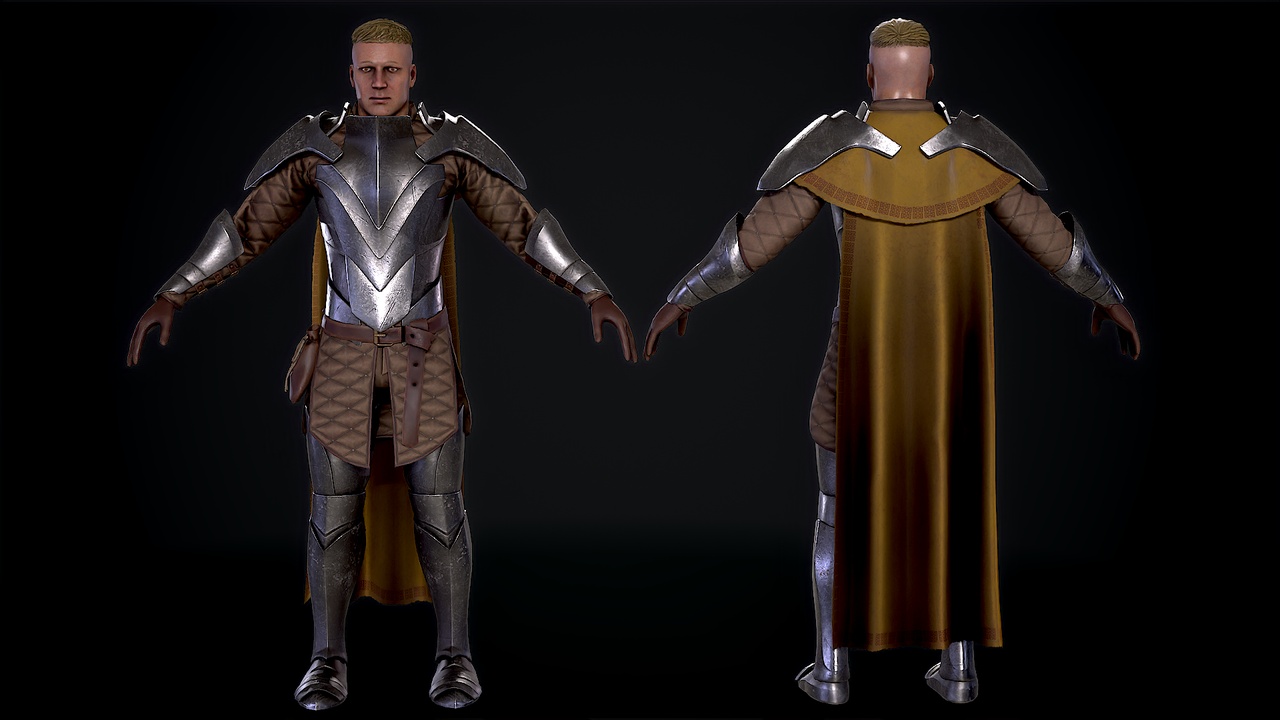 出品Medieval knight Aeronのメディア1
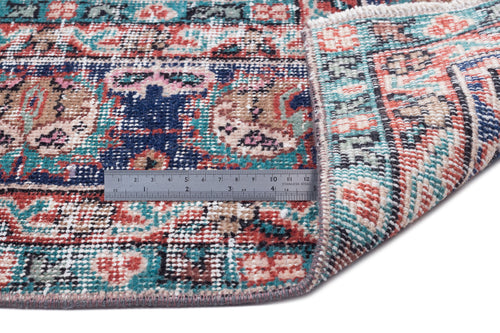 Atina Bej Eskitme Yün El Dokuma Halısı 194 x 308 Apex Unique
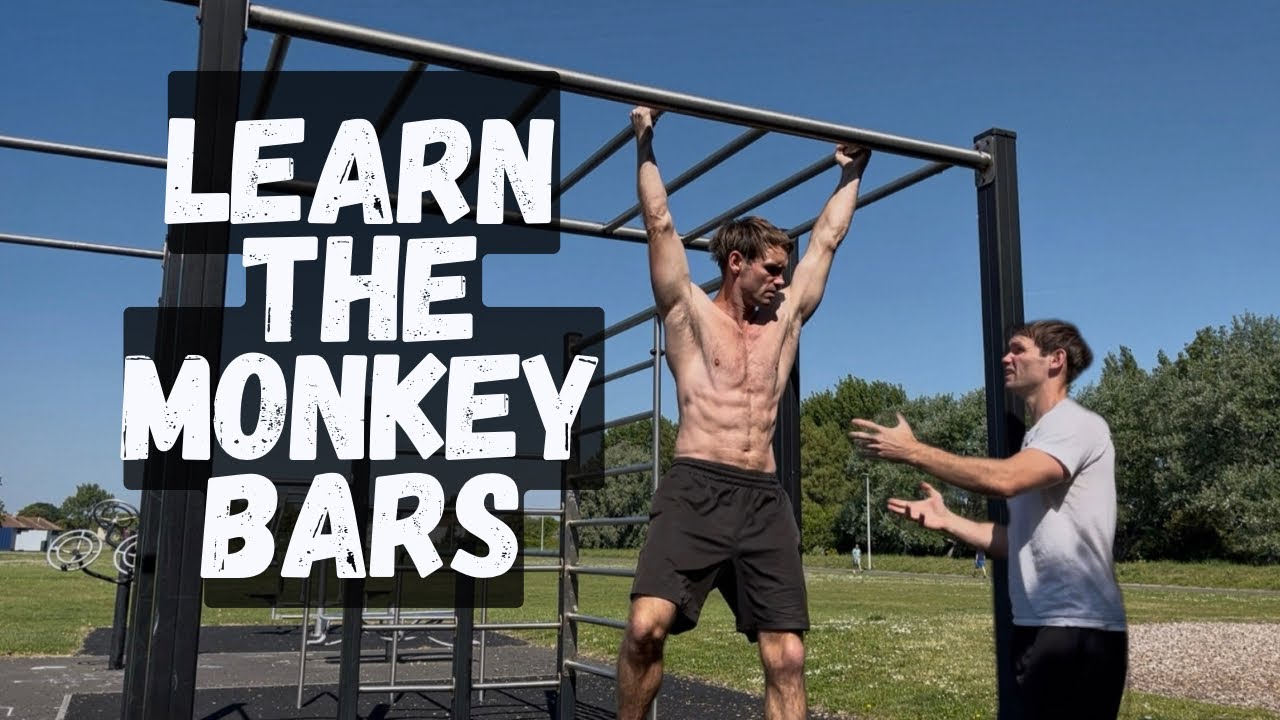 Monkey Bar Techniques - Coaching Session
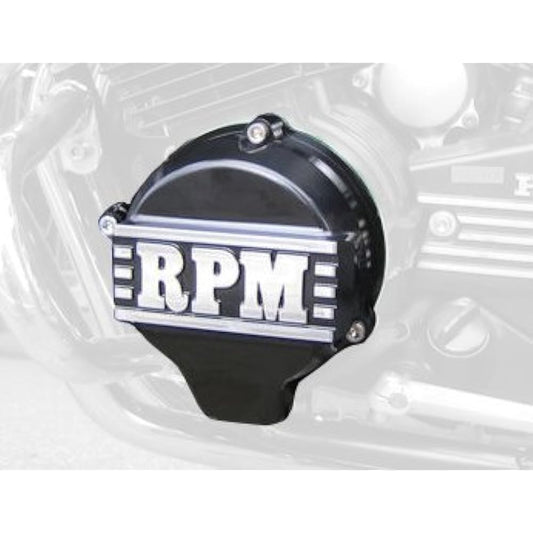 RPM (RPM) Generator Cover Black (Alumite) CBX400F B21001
######
Task directions
Reproduce the listing exactly. Do not include its images.

Completed exercise
 出品Medieval knight Aeronのメディア1
 Atina Bej Eskitme Yün El Dokuma Halısı 194 x 308 Apex Unique
 Monkey Bar Techniques - Coaching Session
 RPM (RPM) Generator Cover Black (Alumite) CBX400F B21001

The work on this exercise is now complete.